*What the exercise asks*. The answer is the exact run of lines in the listing below from the line containing "Imagem da oferta" up to and including the line containing "Paul Green Sneaker (00678)", with pictures removed.

**** Records to use

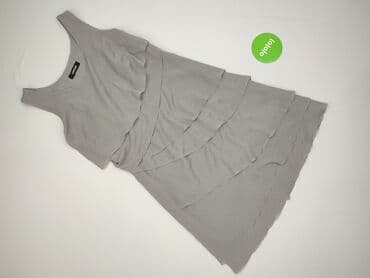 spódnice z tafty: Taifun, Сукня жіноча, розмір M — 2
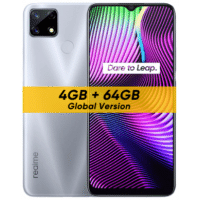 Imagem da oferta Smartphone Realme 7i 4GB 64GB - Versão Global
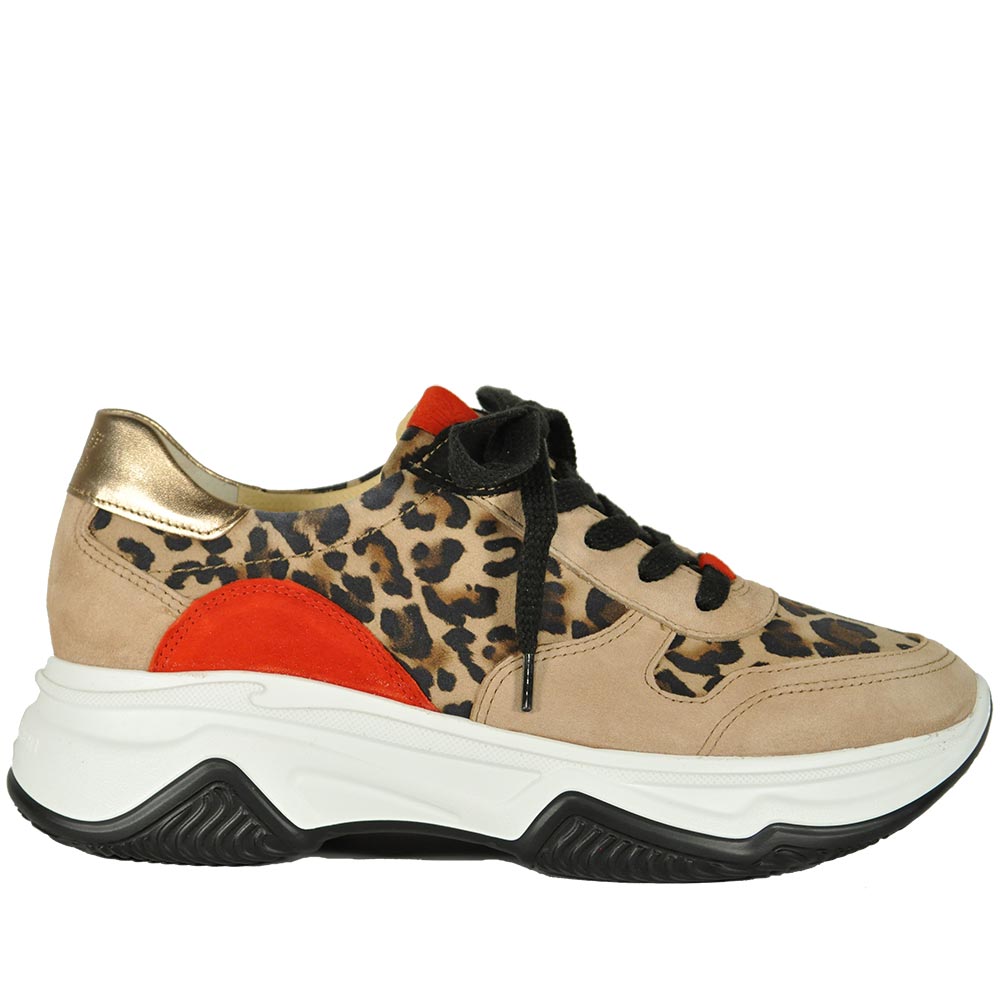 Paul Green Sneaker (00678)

********
**** Records to use

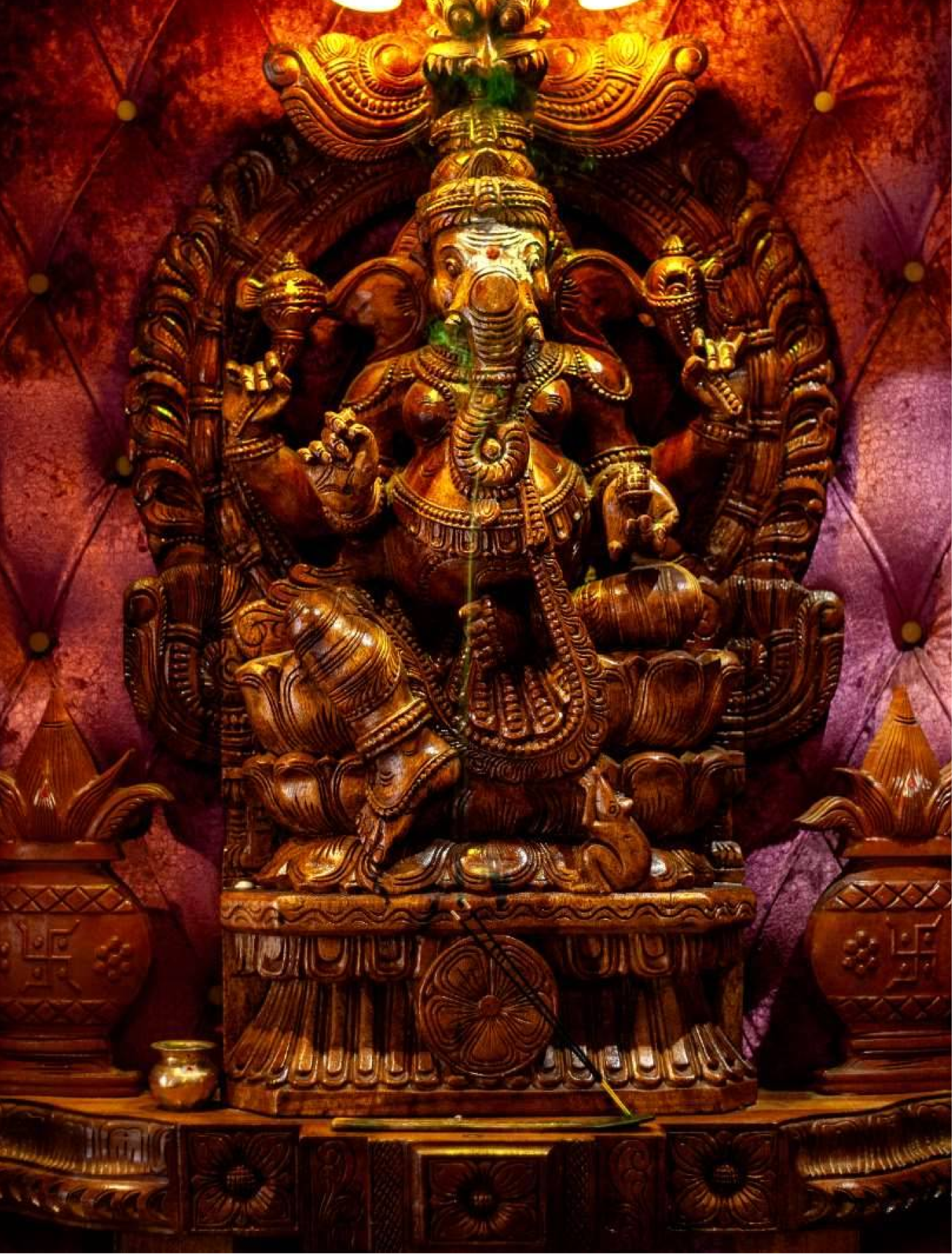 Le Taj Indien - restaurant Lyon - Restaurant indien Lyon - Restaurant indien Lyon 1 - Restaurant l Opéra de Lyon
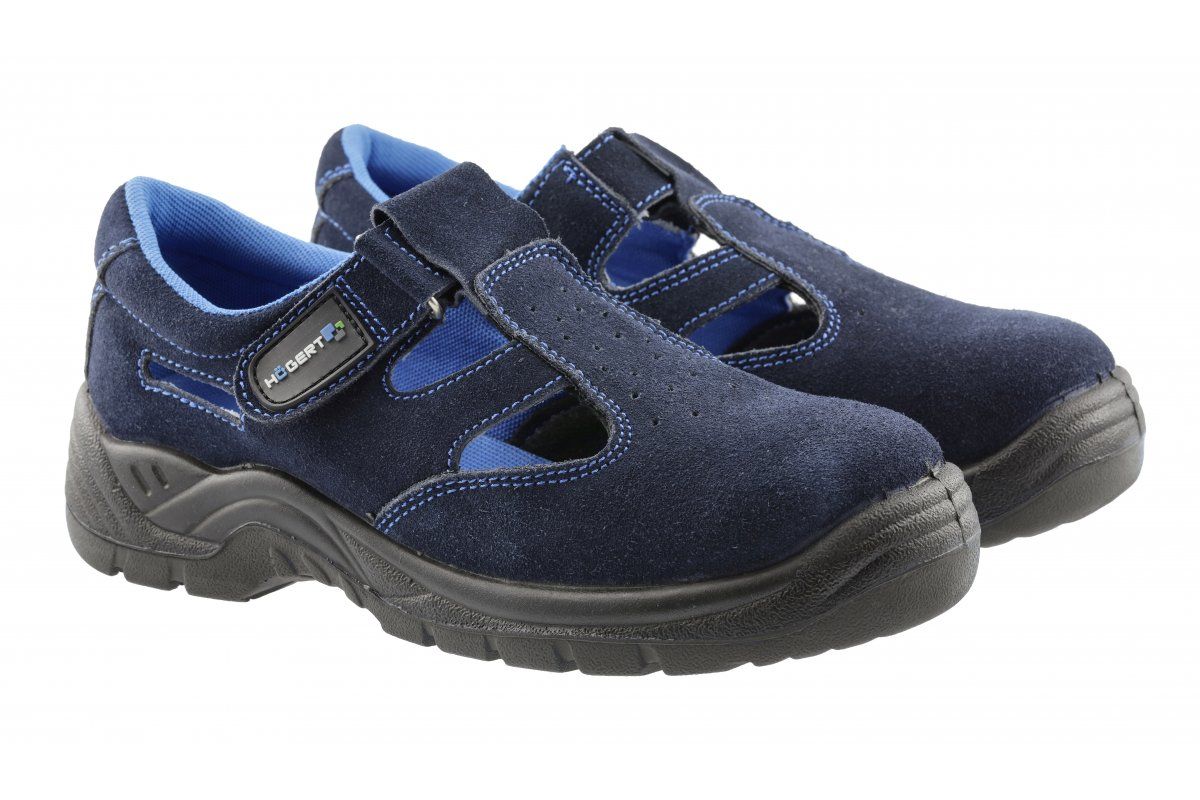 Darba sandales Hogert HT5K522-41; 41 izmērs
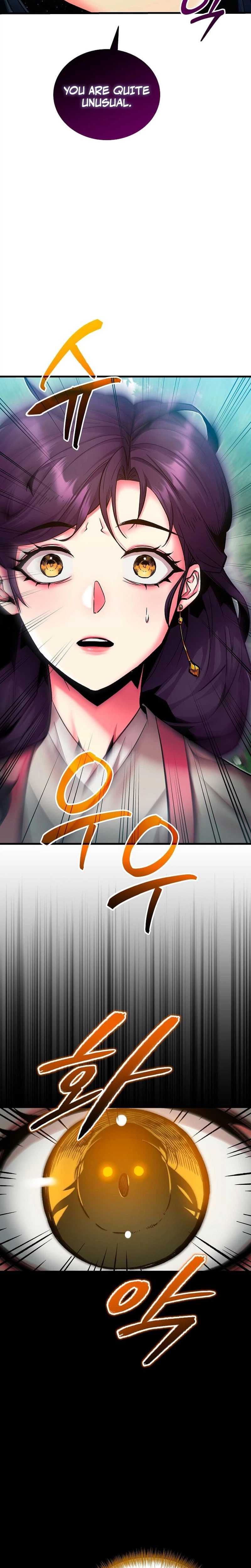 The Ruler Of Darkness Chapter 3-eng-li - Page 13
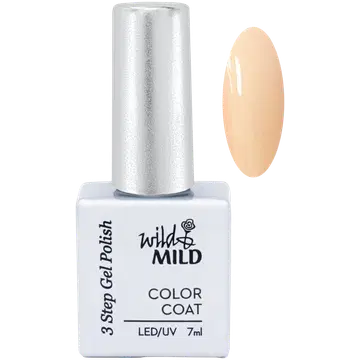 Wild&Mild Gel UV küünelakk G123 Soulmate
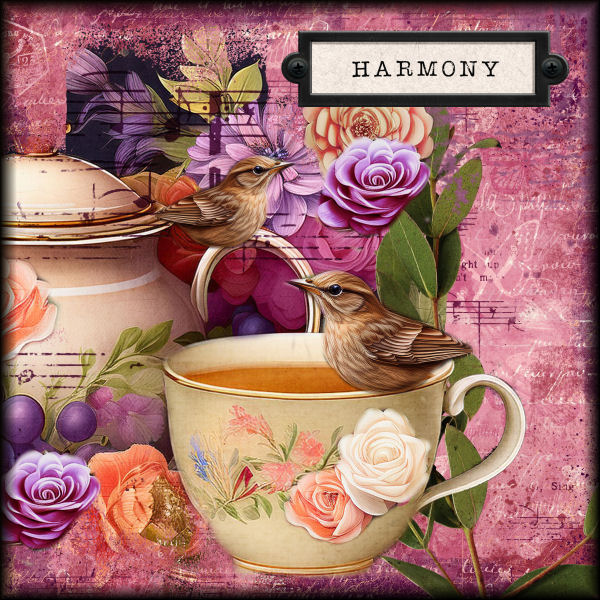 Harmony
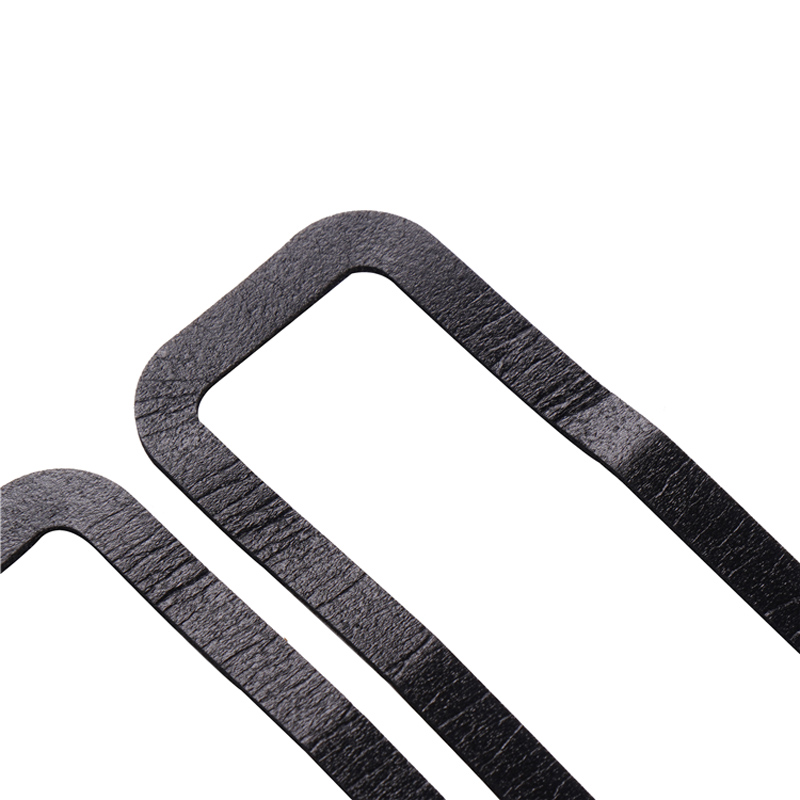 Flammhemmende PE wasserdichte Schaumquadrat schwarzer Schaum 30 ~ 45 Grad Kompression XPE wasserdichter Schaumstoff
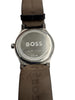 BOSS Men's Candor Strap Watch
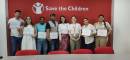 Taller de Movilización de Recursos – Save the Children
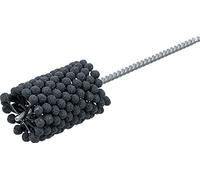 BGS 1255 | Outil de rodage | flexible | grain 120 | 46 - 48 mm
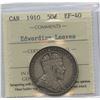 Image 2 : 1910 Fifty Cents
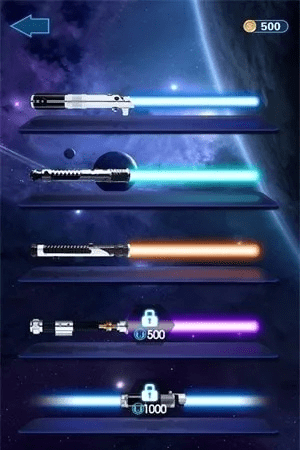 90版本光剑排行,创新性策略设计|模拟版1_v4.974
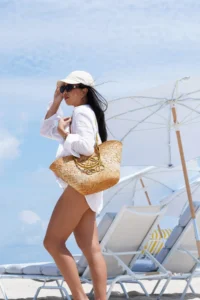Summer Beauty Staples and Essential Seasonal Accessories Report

********
**** Records to use

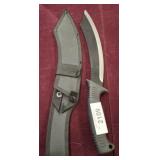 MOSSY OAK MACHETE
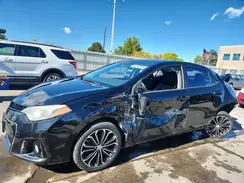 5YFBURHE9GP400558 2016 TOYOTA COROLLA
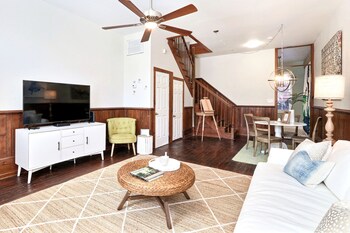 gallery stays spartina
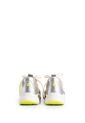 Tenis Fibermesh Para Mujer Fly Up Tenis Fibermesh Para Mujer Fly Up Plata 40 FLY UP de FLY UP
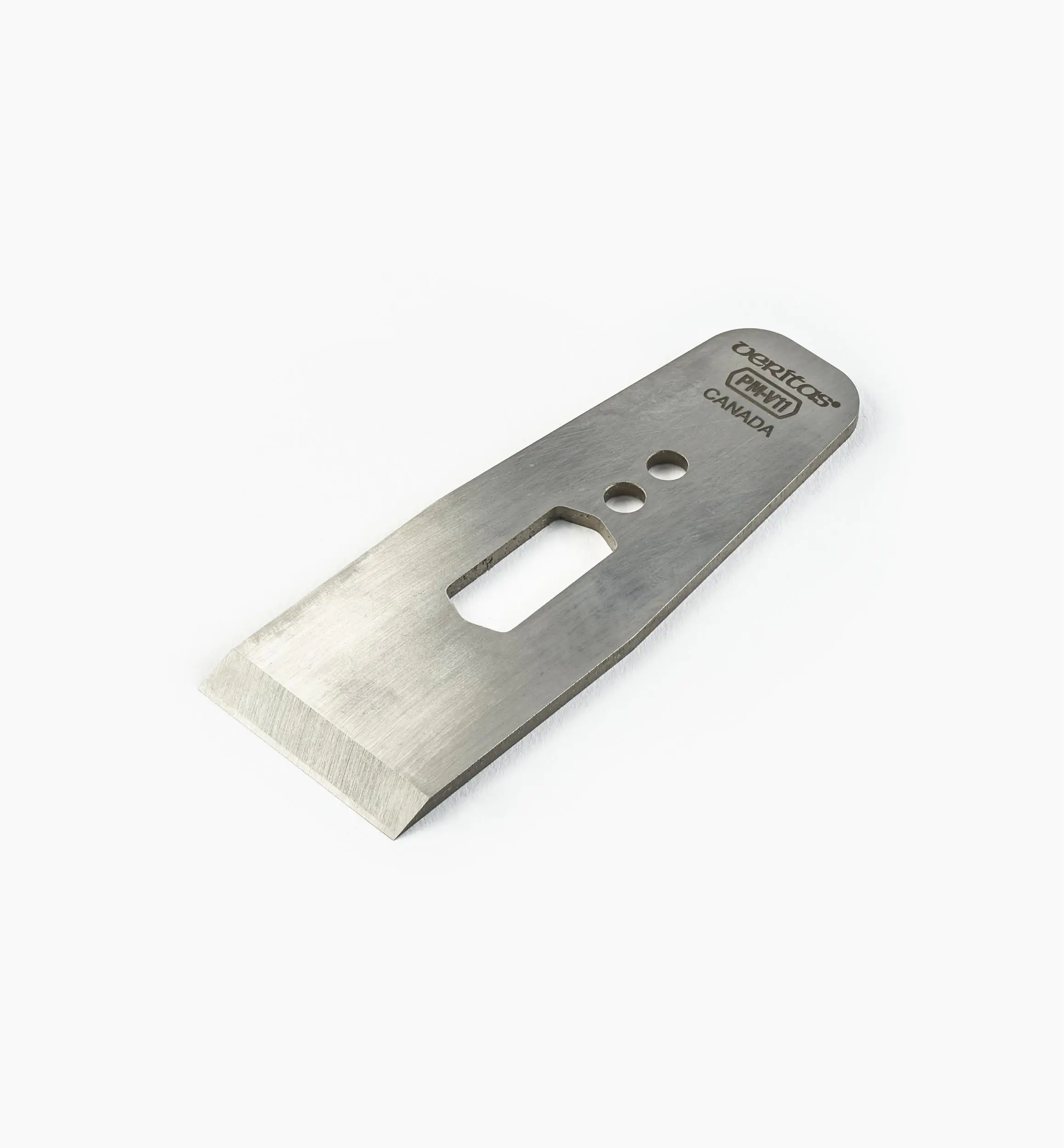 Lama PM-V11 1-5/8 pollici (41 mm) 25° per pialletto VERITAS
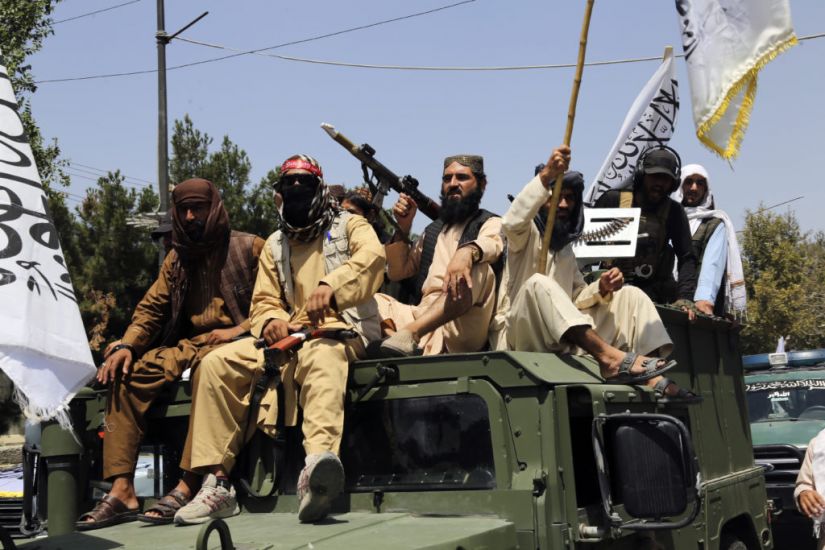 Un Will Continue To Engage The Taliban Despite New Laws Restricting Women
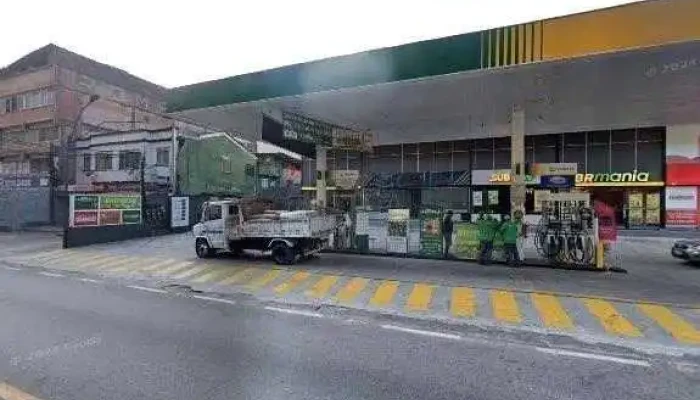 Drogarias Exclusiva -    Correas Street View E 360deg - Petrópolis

********

*Result*.
 Imagem da oferta Smartphone Realme 7i 4GB 64GB - Versão Global
 Paul Green Sneaker (00678)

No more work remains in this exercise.